Pese a sus diferencias políticas —Vargas Llosa defensor liberal; Saramago, comunista hasta la médula—, los unía una pasión inquebrantable por la literatura, la belleza del lenguaje y la necesidad de pensar el mundo. Fue esa pasión la que, en los años noventa, les llevó a encontrarse varias veces en la isla volcánica donde Saramago eligió vivir desde 1993. Vargas Llosa visitó Lanzarote en más de una ocasión, y se dejó fascinar por su paisaje lunar y el legado de César Manrique. “Uno de los paisajes más originales que he conocido”, dijo tras recorrer los Jameos del Agua y el Mirador del Río.
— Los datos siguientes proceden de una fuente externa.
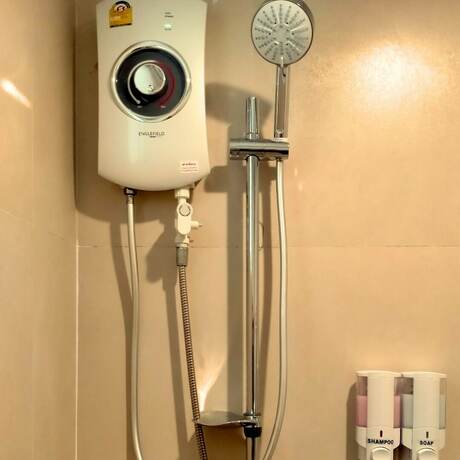 Imagen general del Hotel Poonsuk Place. Foto 8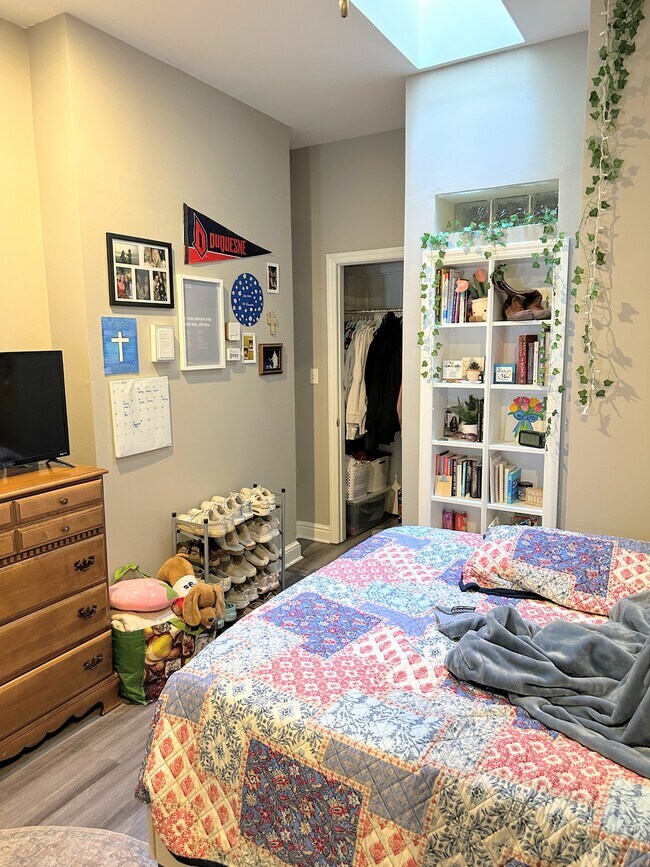 Building Photo - 2221 Jane St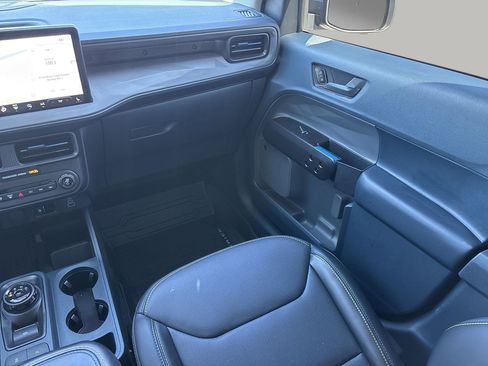 Used 2025 Ford Maverick Lobo image 16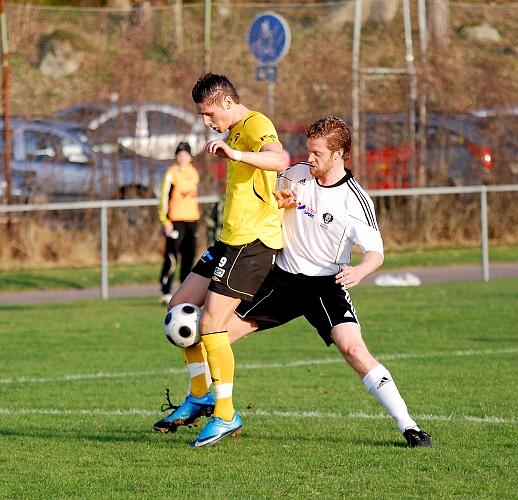 2010_0429_191427AA.JPG - Miralem Malic är hårt uppvaktad i ryggen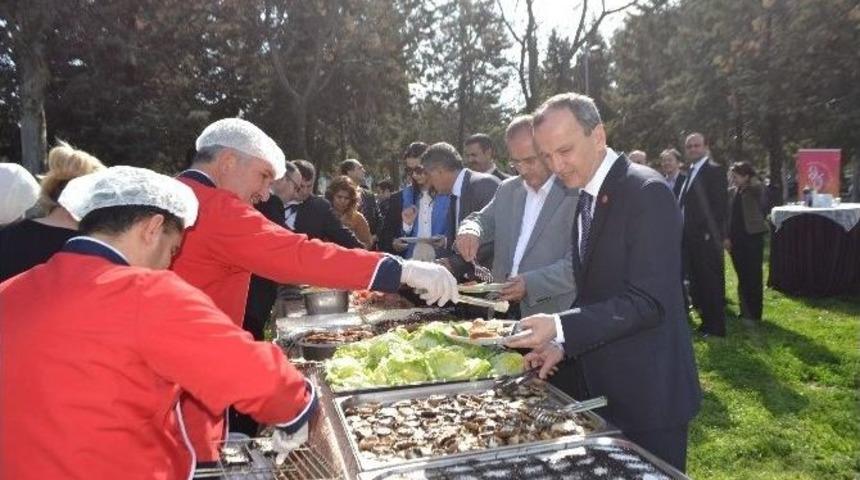 Kursta Yetiştirdikleri Mantarları T&ouml;rende Yediler!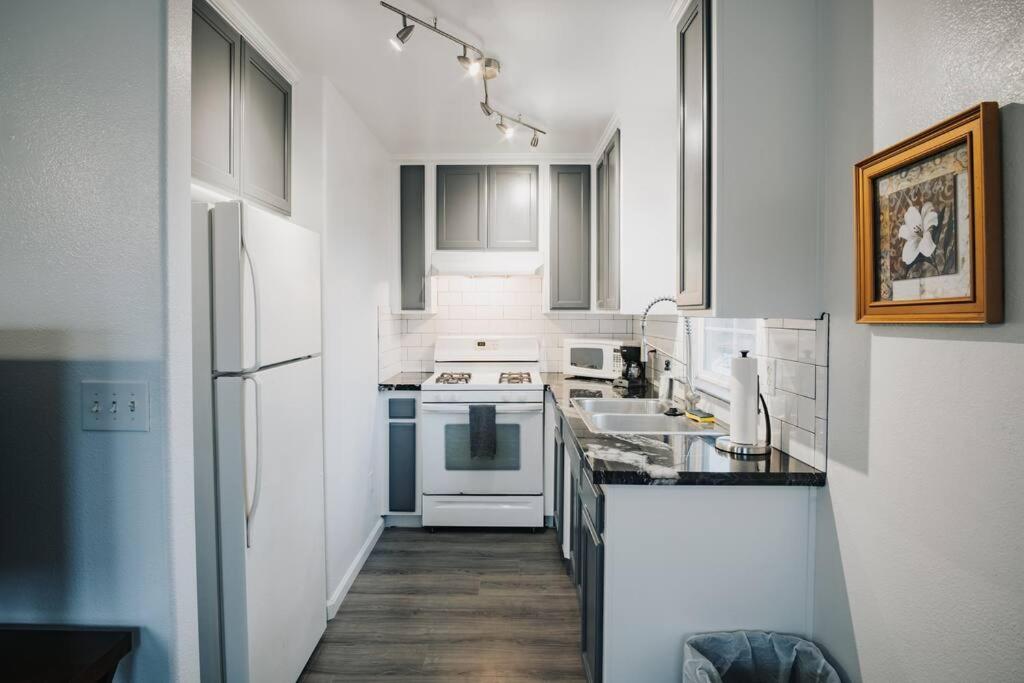 Gorgeous Upstairs Studio with Patio and Laundry photo 3
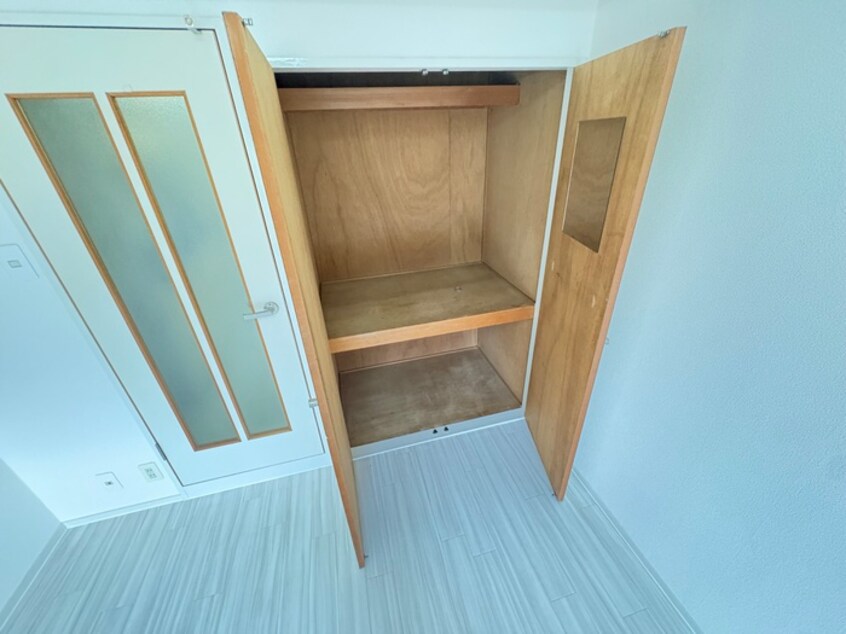 収納 リバ－ジュ山下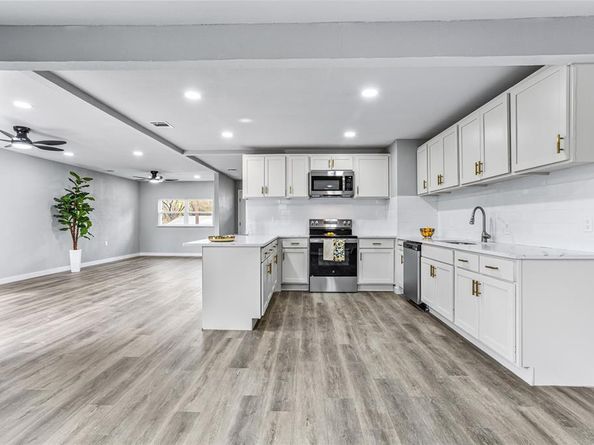 3924  Ambrose Drive , Dallas Texas 75241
La Casa Museo de José Saramago, en Tías, conserva recuerdos de aquel vínculo: fotografías, dedicatorias cruzadas en libros y anécdotas contadas por Pilar del Río, viuda de Saramago. En una de sus visitas, Vargas Llosa se sorprendió por la serenidad con la que el autor de Ensayo sobre la ceguera hablaba de la muerte. “Parecía que ya había hecho las paces con todo lo que uno teme”, comentó tiempo después.
En los últimos años, aunque sus caminos literarios divergieron —Vargas Llosa más volcado en la crítica política, Saramago abrazando la fábula filosófica—, su mutuo respeto se mantuvo intacto. En el homenaje póstumo que Vargas Llosa escribió tras la muerte de Saramago en 2010, reconoció que, pese a sus discrepancias, le consideraba “un gigante de la imaginación narrativa y un humanista lúcido”.
Hoy, tras la partida del autor de La fiesta del chivo, la memoria de esa amistad lanzaroteña cobra un valor especial. Es una estampa de la literatura elevada por encima de las fronteras ideológicas; una conversación continua entre dos hombres que, desde islas distintas —una política, la otra volcánica—, creyeron en el poder de las palabras.